But it doesn't mean they aren't discerning about potential partners. Among those ages 50-65, the top three deal breakers are poor health, financial instability and a potential partner they find physically unattractive, say some 2,033 singles surveyed over the summer.

At least three-quarters or more of those surveyed as members of the online dating site OurTime.com, for singles over 50, cited those factors as deal breakers, with poor health at the top at 78%, followed by financial instability at 76% and physical unattractiveness at 75%.

"When you are 50 and older and thinking about dating, you're thinking about going out and having somebody to do things with and having a companion and living life," says social psychologist Terri Orbuch, of Detroit, the website's relationship expert and a research professor at the University of Michigan's Institute for Social Research.

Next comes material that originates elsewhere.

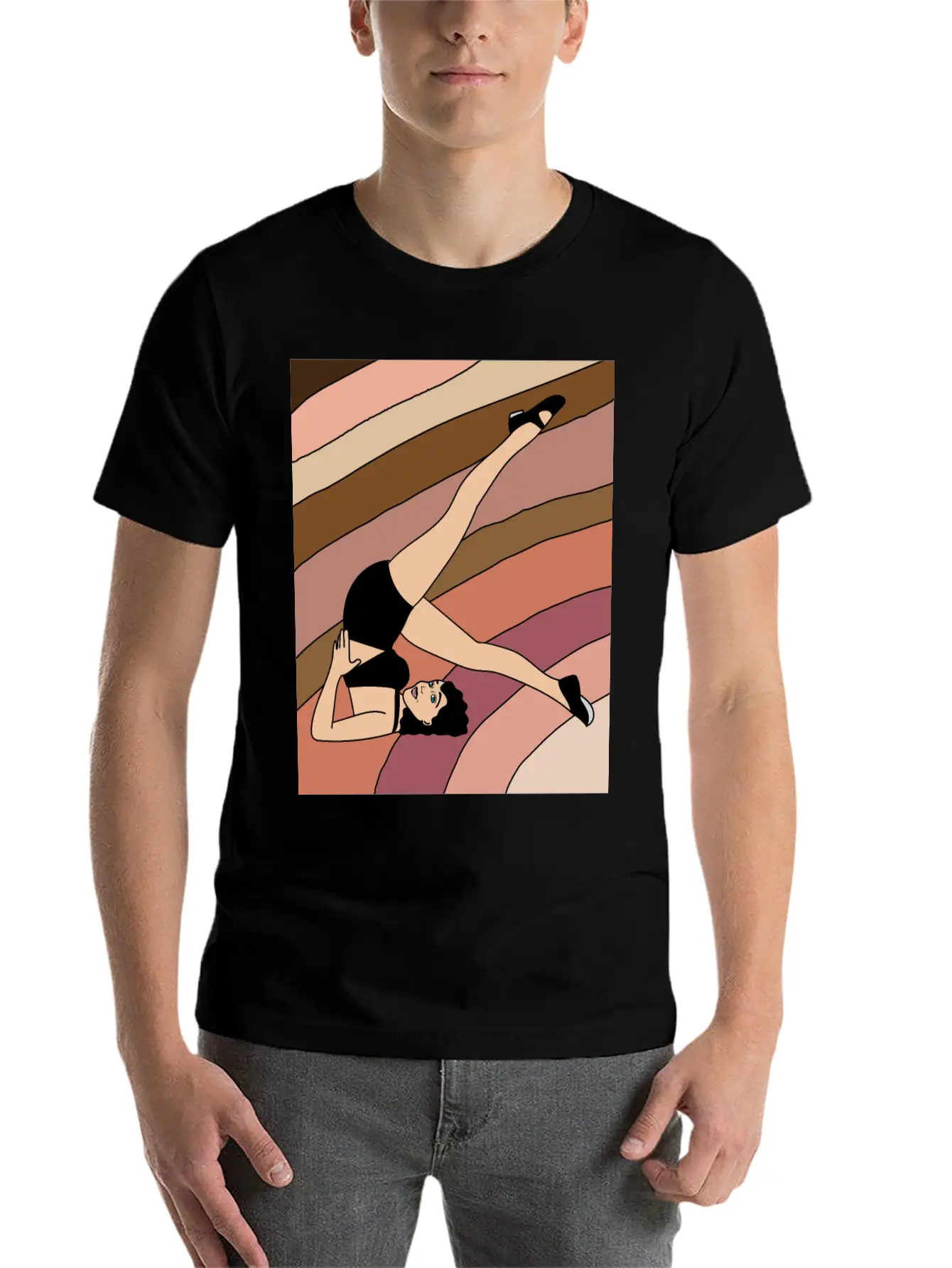 Yoga Yoga Meditation Relaxation Basic Graphic T-Shirt – Daily Comfort In Soft Cotton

The survey for OurTime about dating behaviors, beliefs and he overall dating landscape by online survey provider SurveyMonkey, of Palo Alto, Calif., also found that among the respondents, 71% are divorced, 80% have children and 99% are heterosexual.

Ron Rizzi, 59, a digital media specialist and marketing professional in Ft. Lauderdale who participated in the survey, says his divorce was final in January after 32 years of marriage.

Rizzi, who has two sons ages 19 and 22, says he and his former wife have focused on being amicable."

"It's important for yourself as a human being and important for your children," he says. "If it were The War of the Roses, (the 1989 movie about a bitter divorce) what are you passing along to your kids and what would they be thinking about an institution known as marriage?"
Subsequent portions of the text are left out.